My book says that I should write a prototype of a procedure (that hasn't any parameters) like this: void test(void);
I usually write the prototype of a procedure that hasn't any parameters like this: void test();
and it works.
What is the difference between these 2 declarations?
In C, an empty parameter list in a function declaration means that the function takes an unspecified number of arguments - in a definition, it means it takes no arguments:
void foo(); // declaration, number of arguments is unspecified
void foo() // definition, number of arguments is zero
{
...
}
A parameter list of void
in both a declaration and a definition means the function takes no arguments:
void foo( void ); // declaration, number of arguments is 0
void foo( void ) // definition, number of arguments is 0
{
...
}
So why is this the case?
Neither prototype declaration syntax nor the void
keyword were originally part of C - there was no way to specify "this function doesn't return a value" and "this function takes this many arguments of this type". In the early Cretaceous, function definitions were written as
foo( a, b, c ) // return type of int assumed
T a; // for arbitrary types T, Q, R
Q b;
R c;
{
// do something interesting with a, b, and c
}
and the corresponding declaration was simply written as
foo(); // strictly not necessary, since the compiler would assume a return type of int
C originally had no mechanism to validate the number and types of arguments in a function call against a function declaration. If you called foo
as
foo( x, y, z, oops );
the compiler couldn't tell you that you'd passed too many arguments, or that any of x
, y
, or z
were the wrong type. You wouldn't know that there was a problem until runtime.
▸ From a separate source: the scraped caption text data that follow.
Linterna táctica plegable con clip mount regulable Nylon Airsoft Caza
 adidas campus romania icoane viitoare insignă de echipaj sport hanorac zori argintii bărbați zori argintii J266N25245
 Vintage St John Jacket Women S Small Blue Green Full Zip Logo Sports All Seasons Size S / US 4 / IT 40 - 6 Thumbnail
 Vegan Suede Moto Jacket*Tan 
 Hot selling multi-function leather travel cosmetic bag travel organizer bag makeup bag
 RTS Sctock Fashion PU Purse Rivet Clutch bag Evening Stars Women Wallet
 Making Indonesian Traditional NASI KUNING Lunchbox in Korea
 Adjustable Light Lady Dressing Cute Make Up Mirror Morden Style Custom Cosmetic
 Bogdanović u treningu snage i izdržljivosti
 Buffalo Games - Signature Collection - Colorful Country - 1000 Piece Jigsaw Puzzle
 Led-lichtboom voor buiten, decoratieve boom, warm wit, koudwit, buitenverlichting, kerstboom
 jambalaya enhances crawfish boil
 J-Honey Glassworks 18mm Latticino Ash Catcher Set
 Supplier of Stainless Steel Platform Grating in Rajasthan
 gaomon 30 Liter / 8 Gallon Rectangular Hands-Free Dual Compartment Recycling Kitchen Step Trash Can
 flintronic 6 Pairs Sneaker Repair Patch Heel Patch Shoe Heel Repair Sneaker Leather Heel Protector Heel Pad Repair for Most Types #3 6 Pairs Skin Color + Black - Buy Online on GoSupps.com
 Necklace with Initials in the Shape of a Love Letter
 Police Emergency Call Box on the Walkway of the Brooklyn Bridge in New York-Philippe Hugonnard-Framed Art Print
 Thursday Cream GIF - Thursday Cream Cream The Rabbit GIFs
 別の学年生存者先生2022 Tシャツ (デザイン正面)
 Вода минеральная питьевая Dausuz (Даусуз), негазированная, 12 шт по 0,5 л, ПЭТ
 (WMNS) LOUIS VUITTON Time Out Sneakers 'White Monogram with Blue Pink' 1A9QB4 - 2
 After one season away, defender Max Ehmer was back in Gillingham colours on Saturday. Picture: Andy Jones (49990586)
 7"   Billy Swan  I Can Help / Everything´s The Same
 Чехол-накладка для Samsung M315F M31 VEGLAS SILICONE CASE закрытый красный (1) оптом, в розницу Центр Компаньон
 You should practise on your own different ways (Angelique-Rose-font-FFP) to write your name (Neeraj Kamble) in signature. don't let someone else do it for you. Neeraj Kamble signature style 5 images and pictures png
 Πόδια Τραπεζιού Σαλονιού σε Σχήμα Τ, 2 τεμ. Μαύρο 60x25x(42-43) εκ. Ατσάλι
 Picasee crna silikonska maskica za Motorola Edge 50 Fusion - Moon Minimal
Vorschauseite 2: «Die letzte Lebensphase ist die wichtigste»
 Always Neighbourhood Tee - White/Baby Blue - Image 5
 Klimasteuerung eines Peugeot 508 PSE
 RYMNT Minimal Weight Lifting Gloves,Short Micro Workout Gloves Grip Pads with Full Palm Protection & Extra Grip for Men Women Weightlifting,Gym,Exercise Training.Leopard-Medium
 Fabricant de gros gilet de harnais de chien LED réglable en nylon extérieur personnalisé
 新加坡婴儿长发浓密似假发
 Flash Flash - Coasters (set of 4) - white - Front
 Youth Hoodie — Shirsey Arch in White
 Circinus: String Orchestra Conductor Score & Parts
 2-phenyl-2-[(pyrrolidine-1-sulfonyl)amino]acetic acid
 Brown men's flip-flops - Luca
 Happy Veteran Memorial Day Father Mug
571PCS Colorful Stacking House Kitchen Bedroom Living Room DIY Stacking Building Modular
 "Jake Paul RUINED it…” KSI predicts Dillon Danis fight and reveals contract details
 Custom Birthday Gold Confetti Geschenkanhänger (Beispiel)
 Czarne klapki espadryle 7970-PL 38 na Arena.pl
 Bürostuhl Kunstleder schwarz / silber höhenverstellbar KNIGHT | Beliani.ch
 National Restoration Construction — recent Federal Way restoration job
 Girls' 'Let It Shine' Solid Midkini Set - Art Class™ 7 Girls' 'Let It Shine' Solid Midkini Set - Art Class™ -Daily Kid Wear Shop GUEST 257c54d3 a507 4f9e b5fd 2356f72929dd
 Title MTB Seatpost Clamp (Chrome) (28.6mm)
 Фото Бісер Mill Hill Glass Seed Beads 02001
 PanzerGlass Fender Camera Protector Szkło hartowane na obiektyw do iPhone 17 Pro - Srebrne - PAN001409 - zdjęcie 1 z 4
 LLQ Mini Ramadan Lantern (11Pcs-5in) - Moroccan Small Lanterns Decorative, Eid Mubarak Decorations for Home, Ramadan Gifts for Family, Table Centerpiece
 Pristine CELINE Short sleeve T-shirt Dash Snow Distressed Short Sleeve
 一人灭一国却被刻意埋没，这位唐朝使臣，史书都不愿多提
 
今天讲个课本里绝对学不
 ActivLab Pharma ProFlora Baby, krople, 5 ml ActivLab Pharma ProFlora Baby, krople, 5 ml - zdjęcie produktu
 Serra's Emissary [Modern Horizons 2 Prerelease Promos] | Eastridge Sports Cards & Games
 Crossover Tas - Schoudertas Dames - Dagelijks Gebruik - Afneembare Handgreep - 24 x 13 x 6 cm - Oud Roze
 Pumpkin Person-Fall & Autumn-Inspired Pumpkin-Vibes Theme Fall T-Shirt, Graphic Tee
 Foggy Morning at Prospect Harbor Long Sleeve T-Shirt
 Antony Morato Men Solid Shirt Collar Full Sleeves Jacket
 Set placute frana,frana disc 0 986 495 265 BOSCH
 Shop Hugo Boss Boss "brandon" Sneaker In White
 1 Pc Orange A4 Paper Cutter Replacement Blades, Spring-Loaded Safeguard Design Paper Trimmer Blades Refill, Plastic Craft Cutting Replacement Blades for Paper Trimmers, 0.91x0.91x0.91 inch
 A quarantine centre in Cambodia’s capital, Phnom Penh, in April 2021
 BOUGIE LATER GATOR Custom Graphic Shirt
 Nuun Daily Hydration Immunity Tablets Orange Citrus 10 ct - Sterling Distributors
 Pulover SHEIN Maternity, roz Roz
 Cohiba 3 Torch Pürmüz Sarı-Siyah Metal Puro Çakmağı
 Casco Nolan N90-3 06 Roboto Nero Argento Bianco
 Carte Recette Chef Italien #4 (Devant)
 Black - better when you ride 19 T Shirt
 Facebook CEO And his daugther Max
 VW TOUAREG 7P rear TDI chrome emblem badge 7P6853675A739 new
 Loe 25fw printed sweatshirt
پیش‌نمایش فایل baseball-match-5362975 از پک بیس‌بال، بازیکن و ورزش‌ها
The 1989 standard introduced the void
keyword along with function prototype syntax, so you could now specify the number and types of parameters in a function declaration, allowing the compiler to catch mismatches like the above:
void foo( T, Q, R ); // only need to specify types in a declaration
void foo( T a, Q b, R c )
{
// do something interesting with a, b, c
}
and the void
keyword as a parameter list meant that the function took no parameters:
void foo( void );
Because legacy code is forever, old-style function definitions and declarations are still supported, although implicit int
typing no longer is. That's why you can still declare a function as void foo();
, although best practice is to declare it as void foo( void );
if it takes no arguments. Otherwise, if you try to call foo
with an argument like
foo( x );
the compiler will not be able to catch the mismatch.